## What the task requires
In your reply, write out each entry exactly as given.

## Extracted records
◆ ◆ ◆ ◆ ◆ ◆ ◆

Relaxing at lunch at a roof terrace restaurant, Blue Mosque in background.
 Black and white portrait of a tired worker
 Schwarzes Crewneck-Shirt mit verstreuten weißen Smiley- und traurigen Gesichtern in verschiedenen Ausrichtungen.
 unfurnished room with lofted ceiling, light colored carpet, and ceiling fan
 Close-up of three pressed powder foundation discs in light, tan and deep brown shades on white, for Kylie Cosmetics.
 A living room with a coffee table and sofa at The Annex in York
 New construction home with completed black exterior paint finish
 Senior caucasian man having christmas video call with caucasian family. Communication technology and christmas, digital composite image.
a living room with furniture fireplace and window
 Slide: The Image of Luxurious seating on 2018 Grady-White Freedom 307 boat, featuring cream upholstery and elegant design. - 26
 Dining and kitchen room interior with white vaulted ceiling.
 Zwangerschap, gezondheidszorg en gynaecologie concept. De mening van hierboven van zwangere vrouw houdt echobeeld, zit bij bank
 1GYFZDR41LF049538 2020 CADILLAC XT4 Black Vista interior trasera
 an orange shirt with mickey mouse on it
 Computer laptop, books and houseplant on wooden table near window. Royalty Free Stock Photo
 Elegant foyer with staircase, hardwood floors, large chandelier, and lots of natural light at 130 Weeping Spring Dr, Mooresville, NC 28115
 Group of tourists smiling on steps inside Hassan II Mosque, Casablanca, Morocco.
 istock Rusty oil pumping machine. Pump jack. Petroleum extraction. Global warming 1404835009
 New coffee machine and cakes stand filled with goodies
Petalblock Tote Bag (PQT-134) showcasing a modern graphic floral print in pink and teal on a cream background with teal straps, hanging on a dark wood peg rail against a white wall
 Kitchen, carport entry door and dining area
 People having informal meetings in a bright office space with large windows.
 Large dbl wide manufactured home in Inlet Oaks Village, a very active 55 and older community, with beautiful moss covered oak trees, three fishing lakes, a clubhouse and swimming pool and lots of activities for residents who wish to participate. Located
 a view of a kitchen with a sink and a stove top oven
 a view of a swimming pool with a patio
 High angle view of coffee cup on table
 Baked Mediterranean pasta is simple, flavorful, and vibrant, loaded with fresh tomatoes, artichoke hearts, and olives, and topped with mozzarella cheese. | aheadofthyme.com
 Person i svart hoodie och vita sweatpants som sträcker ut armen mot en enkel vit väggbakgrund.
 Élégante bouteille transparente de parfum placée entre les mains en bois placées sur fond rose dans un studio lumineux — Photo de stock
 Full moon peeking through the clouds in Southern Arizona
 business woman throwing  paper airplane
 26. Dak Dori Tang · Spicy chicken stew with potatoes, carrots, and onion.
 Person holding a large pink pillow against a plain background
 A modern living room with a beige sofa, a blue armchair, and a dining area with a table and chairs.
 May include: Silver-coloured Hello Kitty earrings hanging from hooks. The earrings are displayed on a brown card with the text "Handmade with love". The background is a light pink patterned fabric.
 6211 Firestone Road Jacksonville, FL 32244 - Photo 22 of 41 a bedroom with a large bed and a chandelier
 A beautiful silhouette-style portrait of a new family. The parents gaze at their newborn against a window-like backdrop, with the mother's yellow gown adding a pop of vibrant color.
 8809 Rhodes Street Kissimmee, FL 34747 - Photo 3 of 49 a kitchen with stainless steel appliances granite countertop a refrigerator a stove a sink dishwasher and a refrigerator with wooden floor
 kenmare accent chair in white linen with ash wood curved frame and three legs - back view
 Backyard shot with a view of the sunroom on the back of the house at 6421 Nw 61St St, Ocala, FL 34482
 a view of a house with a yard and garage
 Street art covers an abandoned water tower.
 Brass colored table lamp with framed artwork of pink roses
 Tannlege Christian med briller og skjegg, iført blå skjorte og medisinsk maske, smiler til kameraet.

◆ ◆ ◆ ◆ ◆ ◆ ◆

## Finished exercise
Relaxing at lunch at a roof terrace restaurant, Blue Mosque in background.
 Black and white portrait of a tired worker
 Schwarzes Crewneck-Shirt mit verstreuten weißen Smiley- und traurigen Gesichtern in verschiedenen Ausrichtungen.
 unfurnished room with lofted ceiling, light colored carpet, and ceiling fan
 Close-up of three pressed powder foundation discs in light, tan and deep brown shades on white, for Kylie Cosmetics.
 A living room with a coffee table and sofa at The Annex in York
 New construction home with completed black exterior paint finish
 Senior caucasian man having christmas video call with caucasian family. Communication technology and christmas, digital composite image.
a living room with furniture fireplace and window
 Slide: The Image of Luxurious seating on 2018 Grady-White Freedom 307 boat, featuring cream upholstery and elegant design. - 26
 Dining and kitchen room interior with white vaulted ceiling.
 Zwangerschap, gezondheidszorg en gynaecologie concept. De mening van hierboven van zwangere vrouw houdt echobeeld, zit bij bank
 1GYFZDR41LF049538 2020 CADILLAC XT4 Black Vista interior trasera
 an orange shirt with mickey mouse on it
 Computer laptop, books and houseplant on wooden table near window. Royalty Free Stock Photo
 Elegant foyer with staircase, hardwood floors, large chandelier, and lots of natural light at 130 Weeping Spring Dr, Mooresville, NC 28115
 Group of tourists smiling on steps inside Hassan II Mosque, Casablanca, Morocco.
 istock Rusty oil pumping machine. Pump jack. Petroleum extraction. Global warming 1404835009
 New coffee machine and cakes stand filled with goodies
Petalblock Tote Bag (PQT-134) showcasing a modern graphic floral print in pink and teal on a cream background with teal straps, hanging on a dark wood peg rail against a white wall
 Kitchen, carport entry door and dining area
 People having informal meetings in a bright office space with large windows.
 Large dbl wide manufactured home in Inlet Oaks Village, a very active 55 and older community, with beautiful moss covered oak trees, three fishing lakes, a clubhouse and swimming pool and lots of activities for residents who wish to participate. Located
 a view of a kitchen with a sink and a stove top oven
 a view of a swimming pool with a patio
 High angle view of coffee cup on table
 Baked Mediterranean pasta is simple, flavorful, and vibrant, loaded with fresh tomatoes, artichoke hearts, and olives, and topped with mozzarella cheese. | aheadofthyme.com
 Person i svart hoodie och vita sweatpants som sträcker ut armen mot en enkel vit väggbakgrund.
 Élégante bouteille transparente de parfum placée entre les mains en bois placées sur fond rose dans un studio lumineux — Photo de stock
 Full moon peeking through the clouds in Southern Arizona
 business woman throwing  paper airplane
 26. Dak Dori Tang · Spicy chicken stew with potatoes, carrots, and onion.
 Person holding a large pink pillow against a plain background
 A modern living room with a beige sofa, a blue armchair, and a dining area with a table and chairs.
 May include: Silver-coloured Hello Kitty earrings hanging from hooks. The earrings are displayed on a brown card with the text "Handmade with love". The background is a light pink patterned fabric.
 6211 Firestone Road Jacksonville, FL 32244 - Photo 22 of 41 a bedroom with a large bed and a chandelier
 A beautiful silhouette-style portrait of a new family. The parents gaze at their newborn against a window-like backdrop, with the mother's yellow gown adding a pop of vibrant color.
 8809 Rhodes Street Kissimmee, FL 34747 - Photo 3 of 49 a kitchen with stainless steel appliances granite countertop a refrigerator a stove a sink dishwasher and a refrigerator with wooden floor
 kenmare accent chair in white linen with ash wood curved frame and three legs - back view
 Backyard shot with a view of the sunroom on the back of the house at 6421 Nw 61St St, Ocala, FL 34482
 a view of a house with a yard and garage
 Street art covers an abandoned water tower.
 Brass colored table lamp with framed artwork of pink roses
 Tannlege Christian med briller og skjegg, iført blå skjorte og medisinsk maske, smiler til kameraet.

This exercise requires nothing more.